Restate word for word the lines in the listing below, starting at the line containing "Green-haired Girl Sitting" and ending at the line containing "Yellow Floral Hoop Post Earrings", both included; leave out the rest.

EXTRACTED RECORDS ->
___

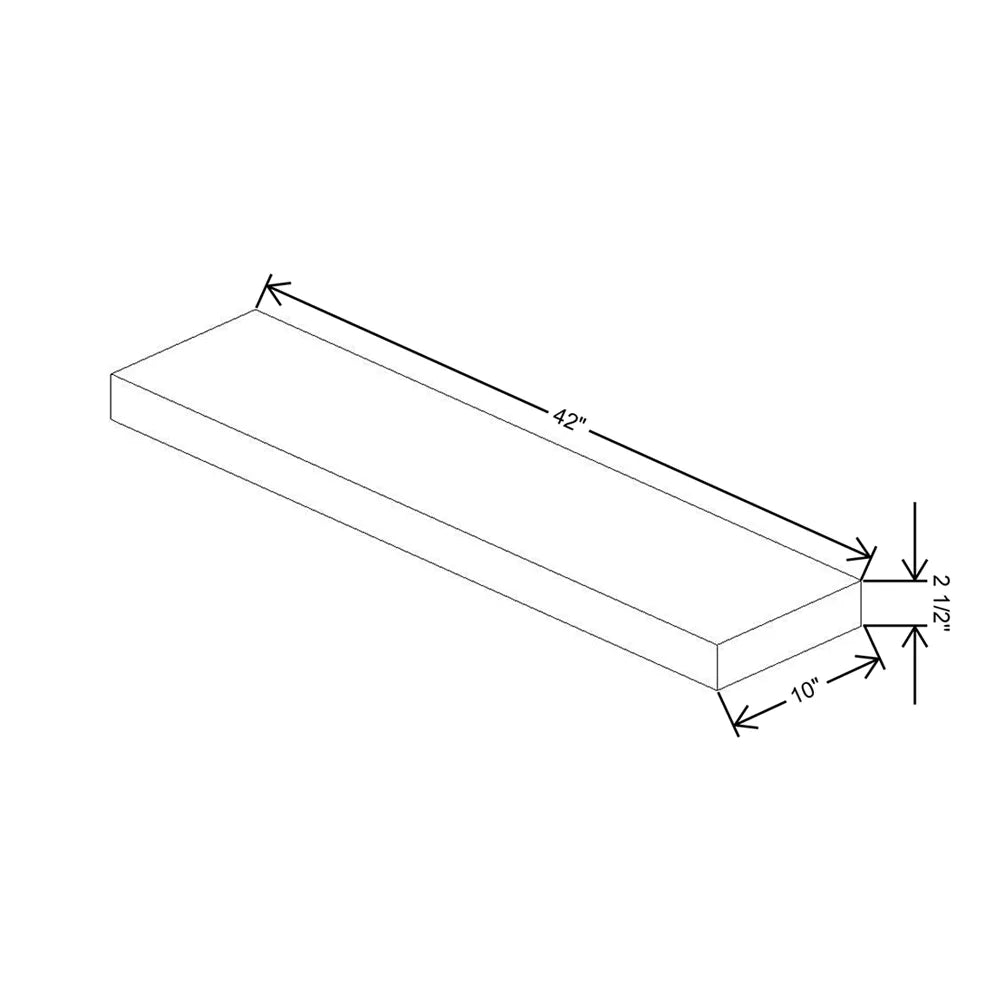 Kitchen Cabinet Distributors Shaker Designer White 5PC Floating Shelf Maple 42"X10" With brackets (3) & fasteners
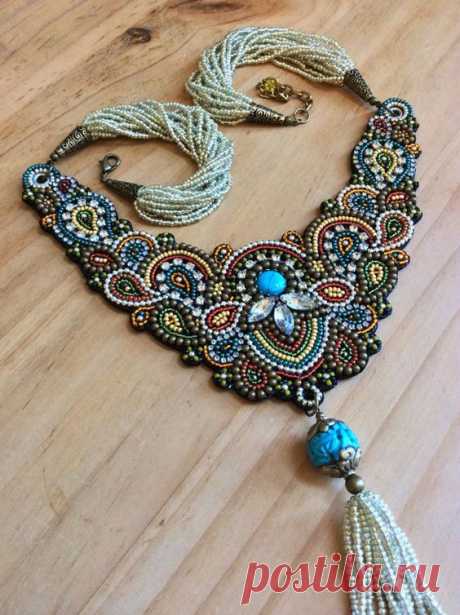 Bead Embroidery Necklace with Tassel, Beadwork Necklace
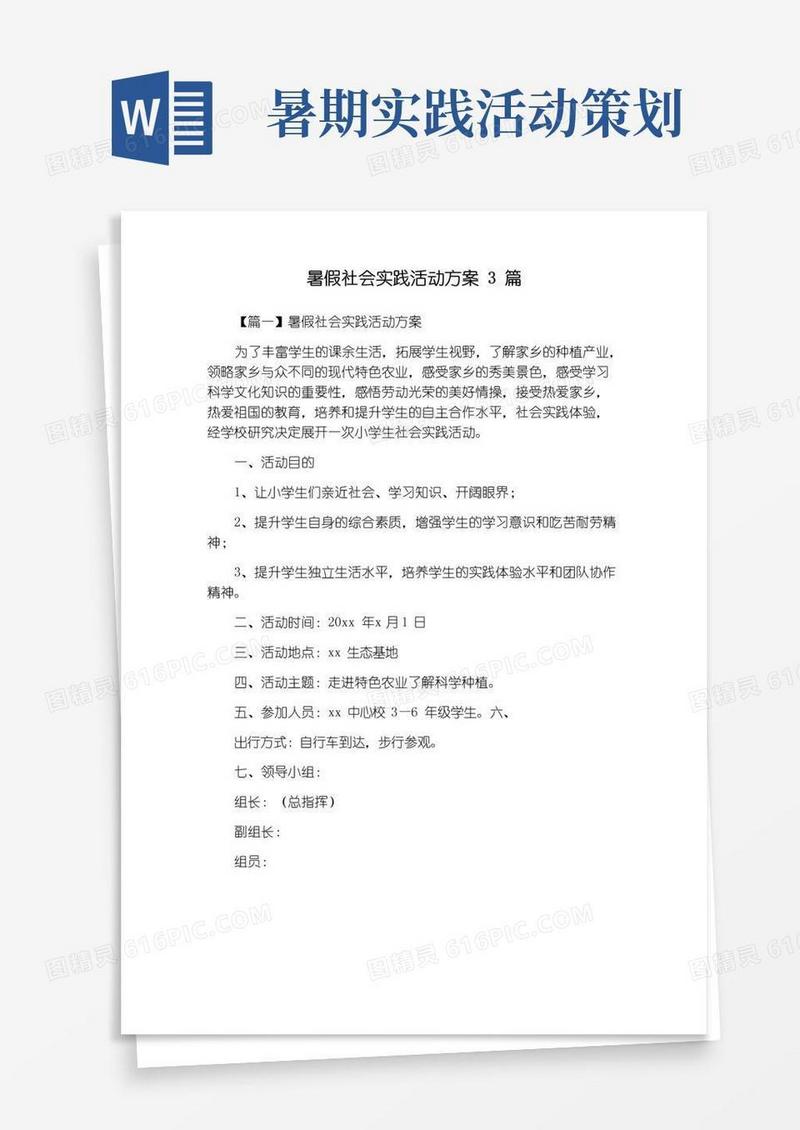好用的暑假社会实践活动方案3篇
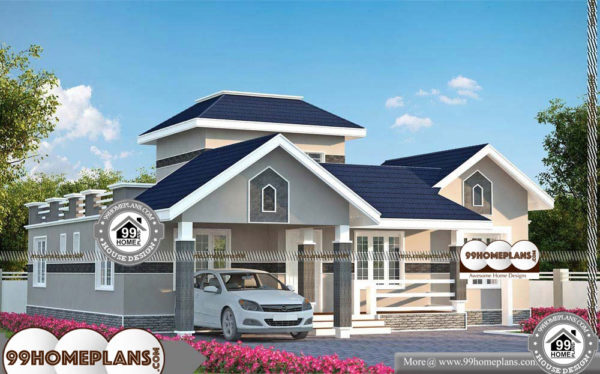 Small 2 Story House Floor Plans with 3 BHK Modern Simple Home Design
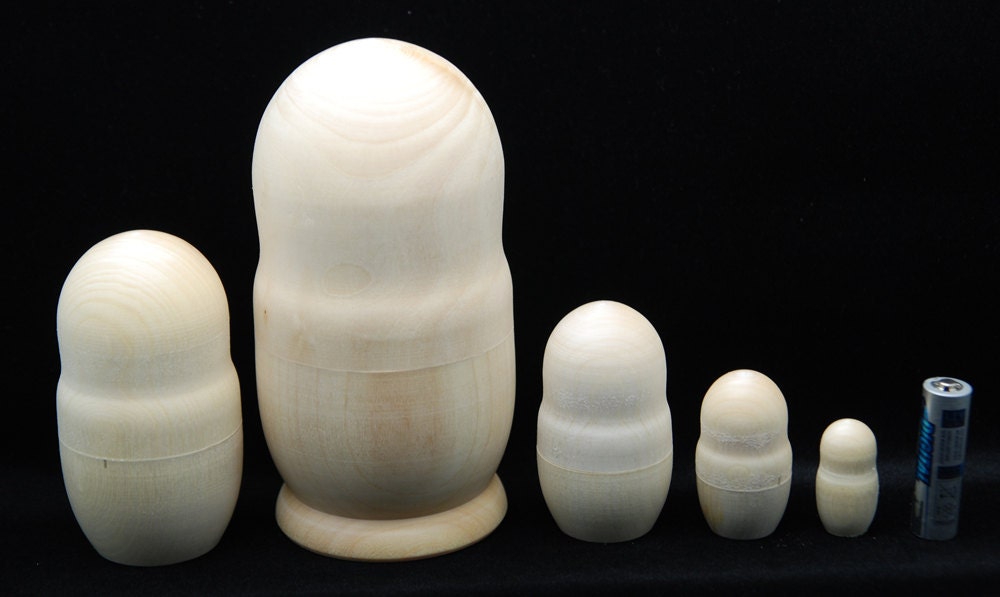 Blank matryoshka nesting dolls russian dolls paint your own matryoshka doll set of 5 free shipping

___

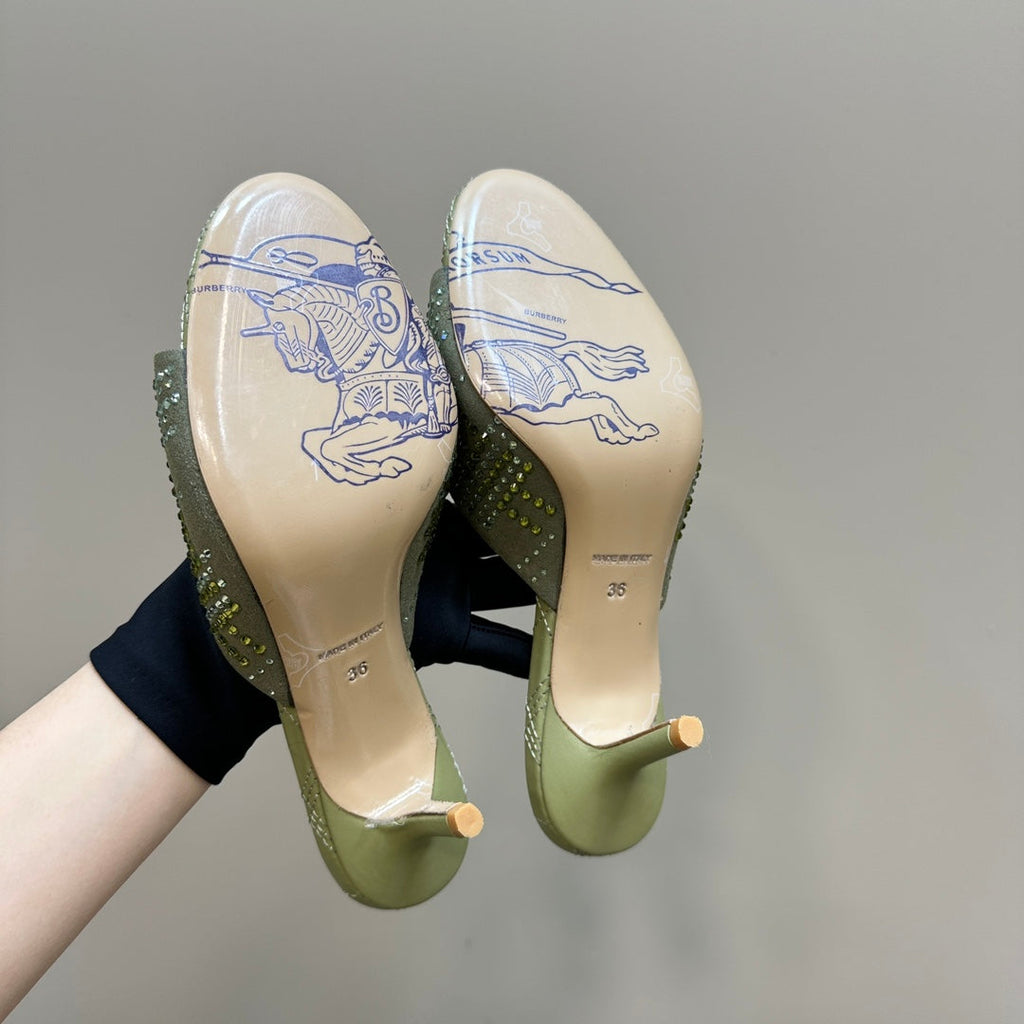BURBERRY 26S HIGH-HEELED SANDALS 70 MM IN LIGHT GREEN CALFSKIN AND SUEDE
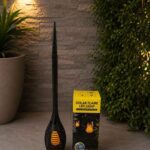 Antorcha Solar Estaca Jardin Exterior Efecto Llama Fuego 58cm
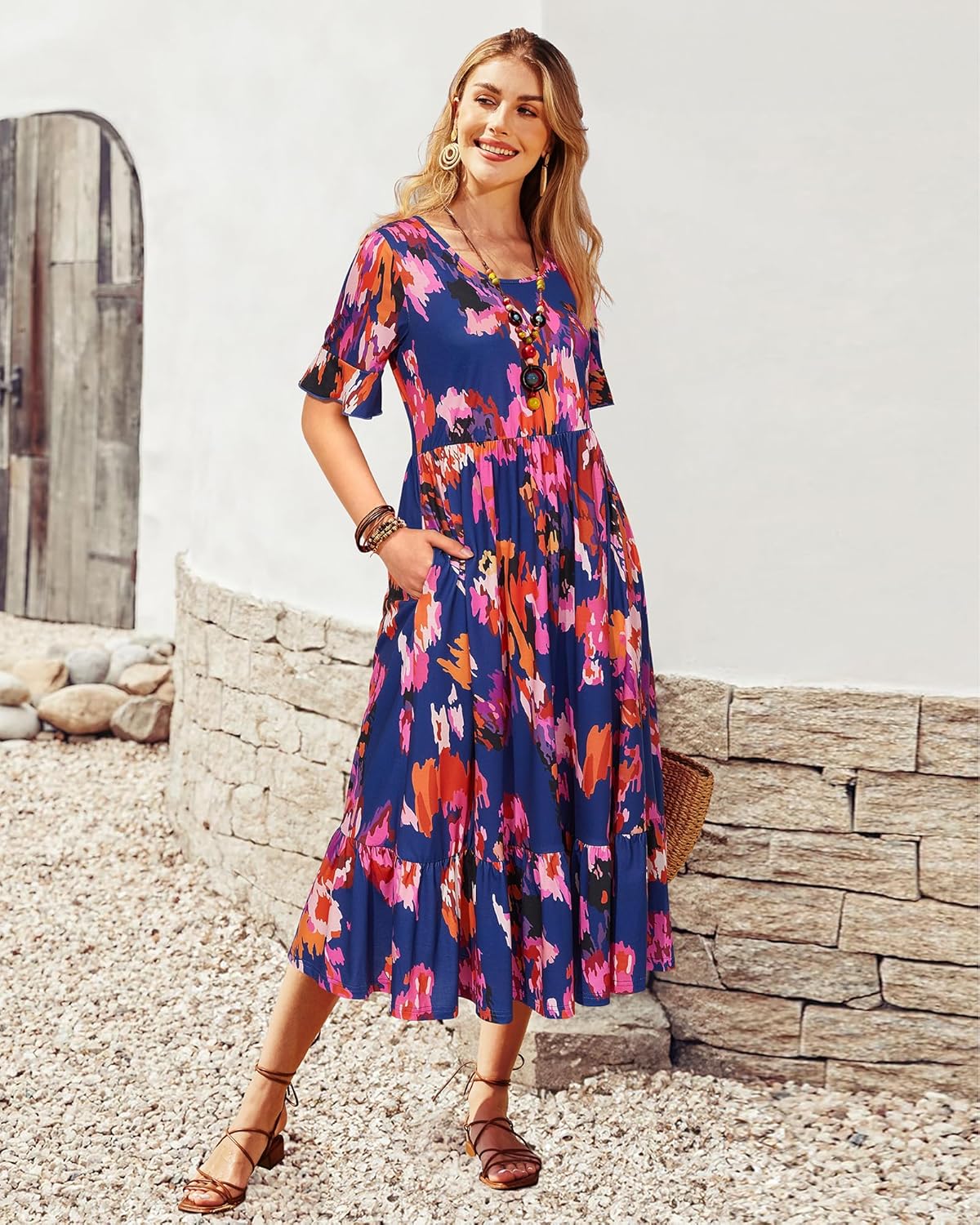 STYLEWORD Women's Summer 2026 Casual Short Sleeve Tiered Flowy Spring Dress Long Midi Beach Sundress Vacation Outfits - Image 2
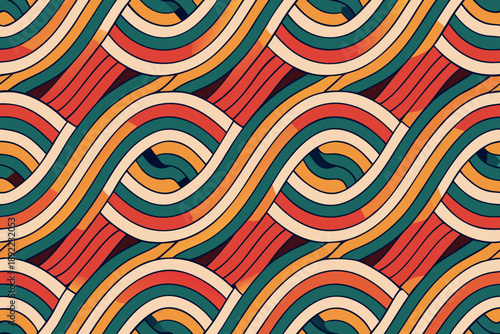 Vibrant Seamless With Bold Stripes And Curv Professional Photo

___

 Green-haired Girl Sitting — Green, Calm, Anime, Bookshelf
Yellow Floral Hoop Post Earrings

___

TASK ANSWER ->
 Green-haired Girl Sitting — Green, Calm, Anime, Bookshelf
Yellow Floral Hoop Post Earrings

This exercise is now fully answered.